Rio Jatunyacu (Jatunyacu), or the Upper Rio Napo, extends west from the town of Tena Cliffs in Ecuador, a town of canyons and jungle. This wide, flat river of rolling waves and placid pools is a main tributary of the Amazon originating from glacier water and springs fed by the active Cotopaxi Volcano. Its name in Kichwa means “big water” in the Quechua language. Ecuador is divided into three continental regions: the Costa, Sierra, and Oriente. Eastern slopes of the Ecuadorian Andes traverse into the lowland rainforest in the Amazon Basin.
Alejandra (Ali), from Ushuaia, Argentina was rafting on the Rio Jatunyacu and dipped the white cloth while traversing through the energetic river. A kayak race commences every year.
Only 2% of the entire Amazon Basin belongs to Ecuador, about the size of the state of Alabama.

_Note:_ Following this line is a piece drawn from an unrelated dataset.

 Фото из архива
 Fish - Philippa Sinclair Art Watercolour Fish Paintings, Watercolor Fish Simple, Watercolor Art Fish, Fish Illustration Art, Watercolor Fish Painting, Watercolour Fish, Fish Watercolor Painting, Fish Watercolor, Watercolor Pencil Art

Ecuador was part of the Inca Empire until the Spanish conquest in 1533. In 1563 the city of Quito was the seat of Spanish colonial government and in 1717 joined Colombia and Venezuela to become part of the Viceroyalty of New Granada. These countries gained their independence from Spain gradually between 1819 and 1822 formed a federation known as Gran Colombia. Quito withdrew from Gran Colombia in 1830. Its named was changed to the “Republic of the Equator,” Ecuador.